Об авторе | Владимир Николаевич Волков родился в Пермской области в 1954 году. Доктор философских наук, профессор Академии переподготовки работников искусства, культуры и туризма (Москва). Автор около ста работ по философии, культурологии, социологии, истории, психологии.


Владимир Волков

О войне, памяти и беспамятстве

В нашей стране очень любят праздники, по поводу и без. День Победы — праздник особый, способствующий укреплению памяти, сохранению прошлого в сознании живущих. В этот день мы вспоминаем то, что произошло с миром в ХХ веке, имея шанс понять произошедшее с нашей страной и извлечь опыт. К сожалению, до понимания дело часто не доходит. Смею утверждать, что в нашей стране День Победы — день не столько памяти, сколько беспамятства.

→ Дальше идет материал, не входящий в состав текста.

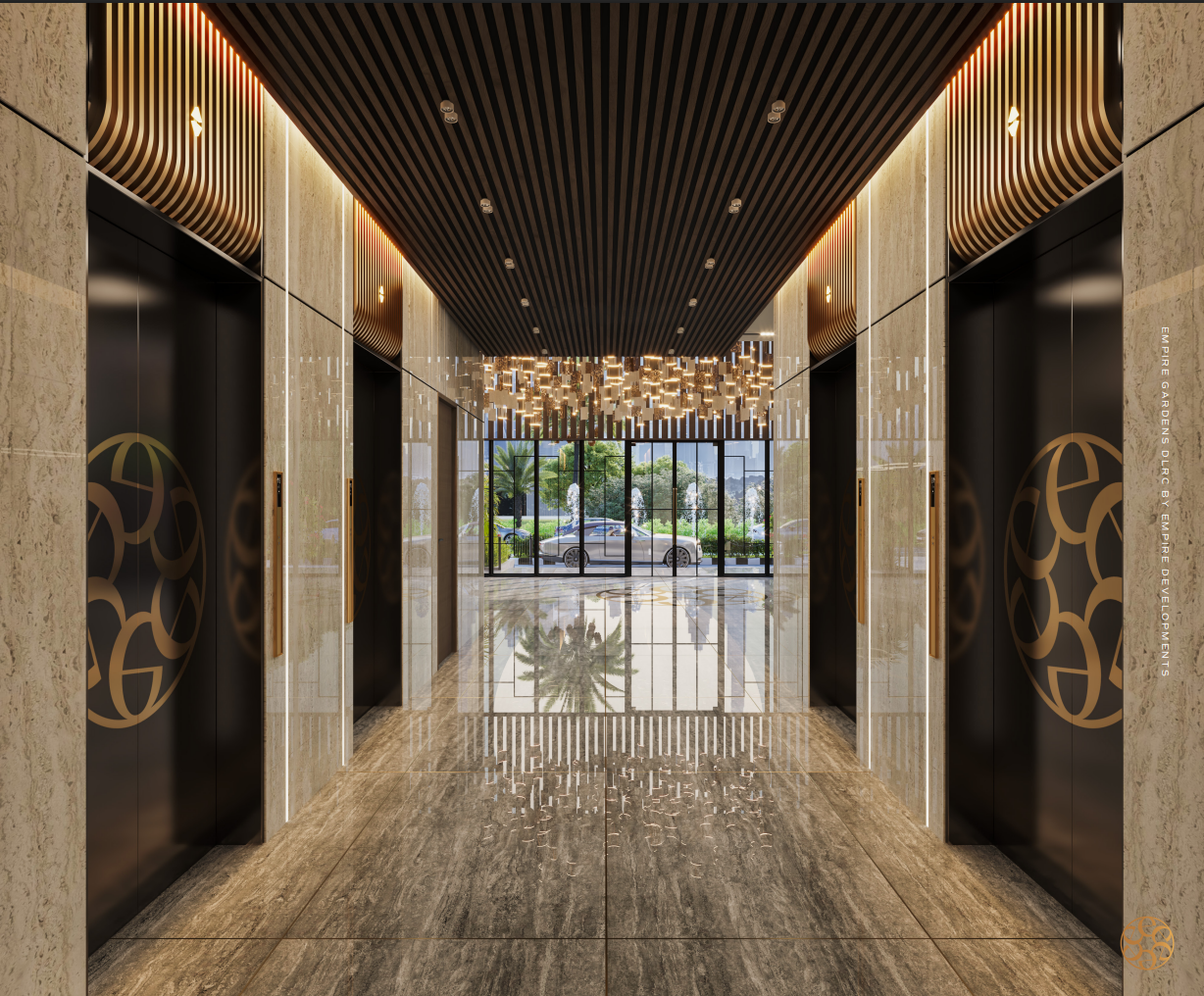 Screenshot 2026-01-05 102807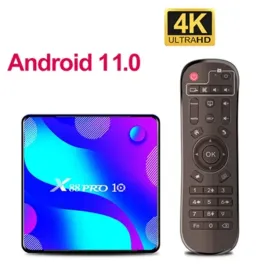 x88-pro10-android-11-0-tv-box-2gb-16gb-rom-rk3318-netflix-hbo-usb-hdmi-4k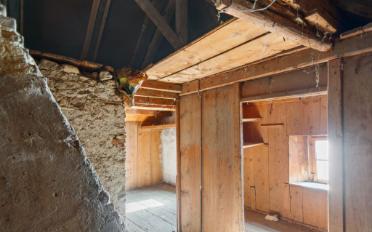 Maison - image - 3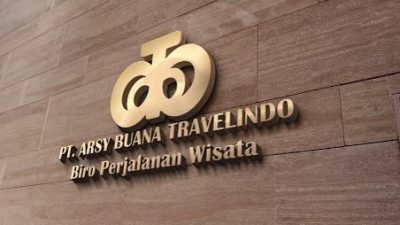 Arsy Buana Travelindo (HAJJ) Strategikan Ekspansi di Sektor Haji dan Umrah dengan Penambahan Hotel Elite Al Ayyam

Разговор о Великой Отечественной войне часто обременен вымыслом или просто ложью. Как сказал поэт-фронтовик Юрий Белаш, «Я был на той войне, которая была, Но не на той, что сочинили позже».

Возвышенный тон, который теперь принят для этой темы, неуместен хотя бы потому, что война — это убийство. В бойне Второй мировой были уничтожены десятки миллионов человек.

Мои деды тоже воевали. Один, дед Иван, воевал под Москвой, вернулся с войны весь израненный и вскоре после войны умер. Другой, Николай, начал воевать еще в Первую мировую, кавалеристом — обучался управлению конем и владению шашкой. Меня страшно коробило, когда он рассказывал мне, подростку, как их учили одним ударом разрубать человека надвое. «Иметь большую силу, — говорил он, — для этого необязательно, нужно просто знать, как это делается»... С 1942 года он служил в пехоте, затем в артиллерии и никогда не рассказывал о войне как о славном подвиге, скорее — как о тяжелой и изнурительной работе: «Я за войну столько земли перекопал, сколько не выроет экскаватор»... На фронт он ушел, оставив в марийских лесах семью из пяти человек. Самому старшему ребенку, дочери, которая потом стала моей матерью, было двенадцать лет. Дед был контужен, чудом выжил. В его деревне Шуйка на фронт было призвано тридцать шесть человек, шестнадцать погибли, то есть почти каждый второй... Когда-то дед жил в деревне Демешкино на правом берегу Волги, но вынужден был спешно покинуть ее с семьей и укрыться в марийских лесах, сменив фамилию. Причина бегства была в том, что его брата репрессировали как кулака, и больше он никогда своего брата не видел. Почему кулак? Потому что на месте сгоревшего дома выстроил новый и покрасил полы. Крестьяне не красили полы, это было не принято. Так пол стал причиной гибели...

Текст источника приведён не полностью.